I proposed Syn-SCAN (below). This was used for HIV and as you are looking at viruses seems a good fit.
There's a simpler way ... just make a invariable amino acid alignment, i.e. discard all amino acid variation. MEGA will do that, or use an algorithm. You then simply check the remaining nucleotide sequences for identity and discard the identity (lots of algorithms do this).
What you are left with is, is what you seek, PURE SYNONYMOUS mutations.
- discard taxa with amino acid variation
- retain taxa nucleotides with variation.
However, just discarding amino acid variation and retaining everything else will either by identity or synonymous. To be honest, its a virus so the amount of sequence identity between taxa is likely to be very little for protein loci.
Its really that simple. I honestly wouldn't over complicate it.
Sorry for the singleton vs. synonymous error, I haven't looked at MEGA in ages. Its a bit bizarre it discarded the only thing it was actually used for.
The short answer to the question is the 3rd codon position is the traditional approximation for synonymous mutation. A small proportion of 1st codon position sites are neutral and a small proportion of 3rd codon position are non-synonymous.

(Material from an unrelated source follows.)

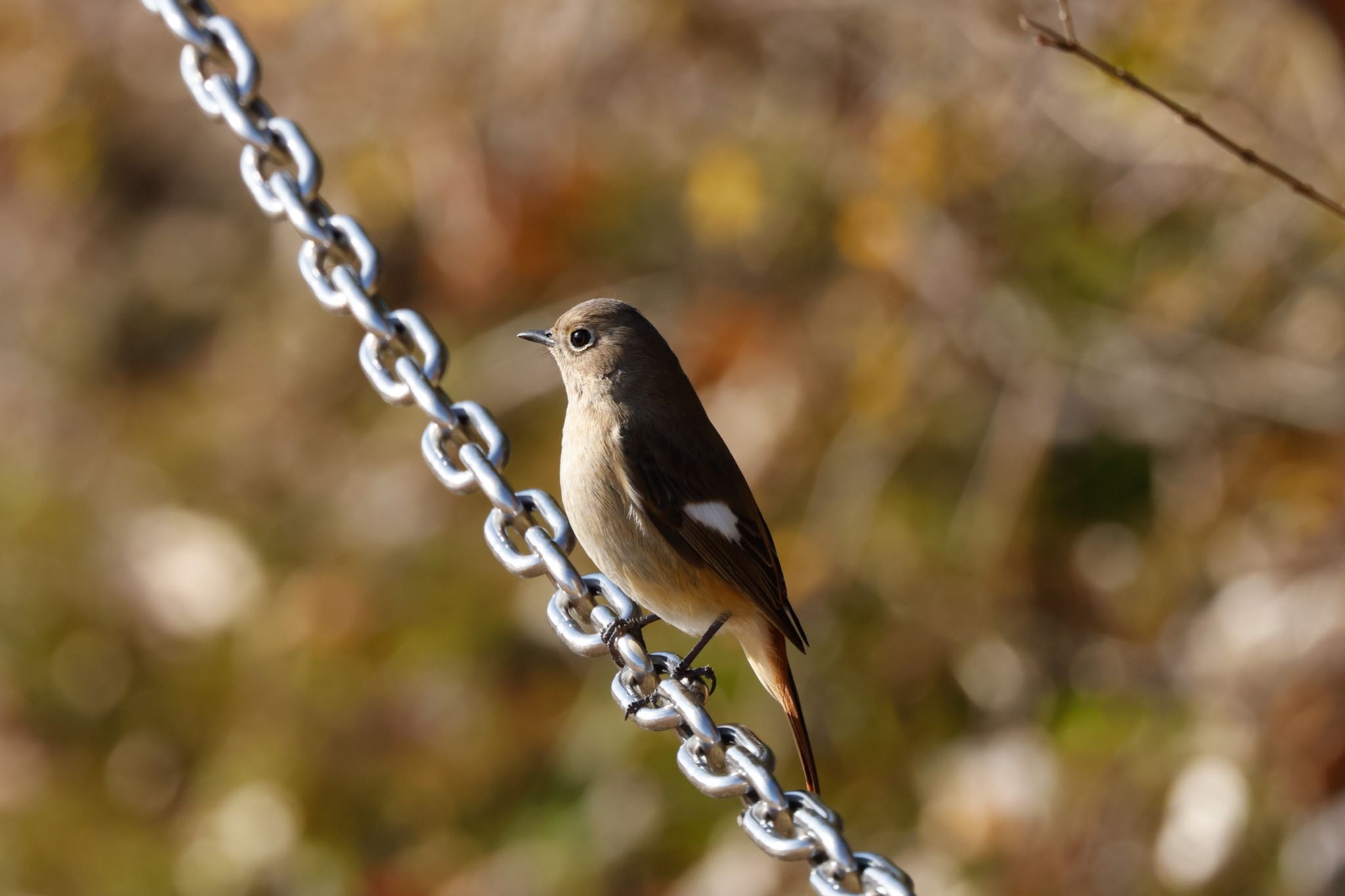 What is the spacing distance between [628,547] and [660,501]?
5.3 inches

I agree with @terdon about and @Community regarding additional information sought, because synonymous mutations are heavily subject to compositional bias and that is a big subject. The key issue is the whether the taxa/species in the alignments are known for compositional bias and the genetic distance between different members of the alignment.
The traditional package used for synonymous mutations is/was MEGA, currently version 11. Albeit, recent 'upgrades' seem to remove the synonymous distance matrix calculation. HOWEVER, they may have transferred this capability onto its what appears to be upgraded GUI alignment viewer. What I think is if you:
- load the alignment into the GUI;
- click alignment (big button far left of menu);
- you will now see the alignment;
- in the middle of the menu bar are 4 buttons 'C', 'V', 'Pi' and 'S'
- I think 'S' = synonymous
- All synonymous sites in the alignment are now highlighted and there is likely a method of extracting this information.

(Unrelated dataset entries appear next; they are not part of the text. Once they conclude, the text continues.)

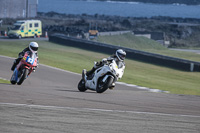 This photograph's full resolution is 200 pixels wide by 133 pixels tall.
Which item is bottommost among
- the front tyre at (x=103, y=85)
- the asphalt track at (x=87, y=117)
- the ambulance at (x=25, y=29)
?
the ambulance at (x=25, y=29)

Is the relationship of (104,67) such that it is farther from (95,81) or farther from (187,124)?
(187,124)

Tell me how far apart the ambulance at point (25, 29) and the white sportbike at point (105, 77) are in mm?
37184

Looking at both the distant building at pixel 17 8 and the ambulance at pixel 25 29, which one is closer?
the ambulance at pixel 25 29

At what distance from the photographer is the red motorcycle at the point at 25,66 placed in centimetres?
1335

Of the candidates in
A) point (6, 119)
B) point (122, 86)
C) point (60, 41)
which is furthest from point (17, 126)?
point (60, 41)

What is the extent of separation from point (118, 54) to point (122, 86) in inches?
310

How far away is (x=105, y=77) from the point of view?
1177cm

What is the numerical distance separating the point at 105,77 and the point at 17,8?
79.8 metres

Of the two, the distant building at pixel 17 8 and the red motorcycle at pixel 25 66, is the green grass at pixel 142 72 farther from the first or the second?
the distant building at pixel 17 8

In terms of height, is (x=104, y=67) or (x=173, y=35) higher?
(x=104, y=67)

C=constant, V=variable Pi=Nei approximation of diversity (population genetics)
If this is correct then those are the subset sought, please note however you will need to select/deselect the taxa manually and reassess the synonymous sites after each 'point and click' iteration (the S button will remain active I suspect between each selection/deselection). What you appear to want is a synonymous tree and this function I believe was removed from MEGA.
MEGA is rarely used except for teaching because its functionality is available elsewhere that permit a given algorithm to be integrated into a data pipeline, which MEGA would not permit (might have recently changed). Hence my recollection of MEGA is a little vague.
The package used for synonymous work is PAML and remains the undisputed standard without question in the context of formal selection analysis, which is heavily dependent on a estimate of synonymous mutations. What you refer to as 'synonymous mutation' isn't the same as the phylogenetic definition, i.e. your definition depends on the other members of the alignment, whereas this isn't an issue in the phylogenetic definition (because the tree circumvents this, i.e. delineates subsets) except if compositional bias occurs ... huge amounts of work is/has been dedicated to compositional bias.
Final point is the widely used phylogenetic library in R called ape
will not perform a synonymous mutation calculation - I think, however phangorn library in R might do, but is more likely within the context of selection analysis. Thus to answer the question directly, I don't think R will do this calculation.
It transpires S= singleton (sorry) ....
Have a look at Syn-SCAN. The link is here https://hivdb.stanford.edu/pages/synscan.html . I have never used it and the download link is on the website. The good thing is its written in Perl so it would be easy to modify and check (if you can read/write Perl).
PAML: you can't detach the synonymous mutation calculation from the non-synonymous mutation calculation, without delving into the C-code (which I wouldn't recommend).